Forte attacco di febbre nelle relazioni tra Gran Bretagna e Ue. Bruxelles ha inviato ieri una lettera formale a Londra, per avvertire che è stato avviato il primo passo di una “procedura d’infrazione” contro la Gran Bretagna, che è nel periodo di transizione verso l’uscita definitiva dall’Europa, prevista il 31 dicembre di quest’anno, dopo aver abbandonato il blocco il 31 gennaio scorso, e quindi è ancora sottoposta alle leggi della Ue.

LA COMMISSIONE aveva posto una deadline a Londra, per rivedere le questioni problematiche dell’Internal Market Bill, quel progetto di legge nazionale, già passato alla Camera dei Comuni e che sarà esaminato dai Lord la prossima settimana, che dà alla Gran Bretagna la possibilità di rimettere in discussione dei punti del Protocollo sull’Irlanda del Nord, concluso con Bruxelles, un pre-requisito indispensabile per poi avviare i negoziati per le relazioni future, dopo la Brexit.

Il progetto di legge britannico sul mercato interno è «una violazione dell’obbligo di agire in buona fede» per Bruxelles.

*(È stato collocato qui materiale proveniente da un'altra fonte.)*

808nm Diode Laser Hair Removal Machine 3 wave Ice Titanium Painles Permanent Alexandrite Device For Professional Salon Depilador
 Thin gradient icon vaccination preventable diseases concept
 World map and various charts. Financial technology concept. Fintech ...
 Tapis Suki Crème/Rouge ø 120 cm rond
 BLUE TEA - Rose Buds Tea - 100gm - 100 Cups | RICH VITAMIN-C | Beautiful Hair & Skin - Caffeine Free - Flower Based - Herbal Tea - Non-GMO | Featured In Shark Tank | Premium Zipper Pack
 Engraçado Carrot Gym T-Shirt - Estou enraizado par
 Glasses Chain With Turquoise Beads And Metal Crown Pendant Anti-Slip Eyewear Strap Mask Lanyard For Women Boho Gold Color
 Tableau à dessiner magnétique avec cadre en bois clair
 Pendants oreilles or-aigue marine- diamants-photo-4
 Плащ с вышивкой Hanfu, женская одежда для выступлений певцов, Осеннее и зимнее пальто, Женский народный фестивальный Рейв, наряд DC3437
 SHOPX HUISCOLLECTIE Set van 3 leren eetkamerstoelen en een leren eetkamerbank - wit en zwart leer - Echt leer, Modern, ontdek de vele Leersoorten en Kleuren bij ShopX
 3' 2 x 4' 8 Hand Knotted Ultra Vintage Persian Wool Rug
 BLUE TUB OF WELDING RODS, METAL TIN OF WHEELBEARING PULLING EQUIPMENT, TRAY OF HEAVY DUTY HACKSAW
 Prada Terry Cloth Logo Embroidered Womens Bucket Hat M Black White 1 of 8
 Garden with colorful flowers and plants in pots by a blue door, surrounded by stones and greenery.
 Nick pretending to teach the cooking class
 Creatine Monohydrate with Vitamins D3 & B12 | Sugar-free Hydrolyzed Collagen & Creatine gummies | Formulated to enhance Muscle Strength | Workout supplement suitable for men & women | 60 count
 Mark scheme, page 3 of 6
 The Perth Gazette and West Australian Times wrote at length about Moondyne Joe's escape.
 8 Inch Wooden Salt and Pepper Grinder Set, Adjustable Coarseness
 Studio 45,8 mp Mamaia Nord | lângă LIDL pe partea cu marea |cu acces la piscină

Persino Londra ha ammesso che «infrange le legge internazionale» anche se «leggermente». Ma per la Commissione l’accordo di ritiro ha forza legale come trattato internazionale e l’Internal Market Bill lo viola.

Bruxelles aveva invitato «gli amici britannici a togliere le parti problematiche dell’Internal Market Bill entro fine settembre». Londra non lo ha fatto e quindi è partita la prima mossa della procedura di infrazione. Si tratta di una lunga strada, che può portare fino alla Corte di Giustizia europea e a delle penalità. Ma i tempi sono lunghi. Intanto, l’Internal Market Bill non verrà approvato definitivamente prima di dicembre.

IERI, LA GRAN BRETAGNA ha reagito facendo sapere che «risponderemo alla lettera (di Bruxelles) a tempo debito, abbiamo chiaramente esposto le nostre ragioni per le misure relative al Protocollo sull’Irlanda del Nord». Londra fa valere che «abbiamo bisogno di una rete di salvataggio per proteggere l’integrità del mercato interno del Regno unito».

Il Protocollo prevede che l’Irlanda del Nord continui a rispettare le norme Ue pur essendo parte del mercato interno britannico, stabilendo di fatto una “frontiera” all’interno della Gran Bretagna. Questo per evitare di mettere una frontiera tra le due Irlande, condizione dell’accordo di pace del Good Friday che aveva messo fine alle violenze nel 1998. Ma Boris Johnson vuole le mani libere e non avere intralci esterni. Londra era stata avvertita della possibilità della lettera di avvertimento dal commissario Maros Sefcovic, ma Michael Gove, un brexiter convinto nel governo di Johnson, aveva risposto con un’alzata di spalle.

La Commissione ha precisato ieri che, malgrado l’avvertimento, «continuerà a lavorare duro per una piena realizzazione dell’Accordo di ritiro, nei tempi previsti». «Noi manteniamo gli impegni», ha ribadito. Cioè, non sarà Bruxelles a lasciare il tavolo dei negoziati, malgrado le provocazioni di Boris Johnson. La Ue non vuole essere accusata di un eventuale fallimento della trattativa, manovra che persegue grossolanamente Johnson.

LE TENSIONI PERÒ preoccupano. Ieri, in apertura del Consiglio europeo dedicato alle crisi internazionali, il primo ministro irlandese, Micheal Martin, ha sottolineato che il Protocollo sull’Irlanda del Nord «deve essere onorato». Martin ha ricordato che l’Irlanda continua a essere impegnata nei negoziati in corso in vista di un accordo tra Gran Bretagna e Ue. Il negoziatore Ue, Michel Barnier, insiste sul fatto che prima di aprire un negoziato sulle relazioni future bisogna arrivare a un accordo completo sul trattato di ritiro, che deve comprendere anche un accordo sulla pesca.

Adesso, la Gran Bretagna ha un mese per rispondere alla lettera di Bruxelles. A quel punto, la Commissione, «dopo l’esame delle osservazioni» di Londra «o in assenza di osservazioni», «se lo giudica opportuno potrà decidere di emettere un avviso motivato».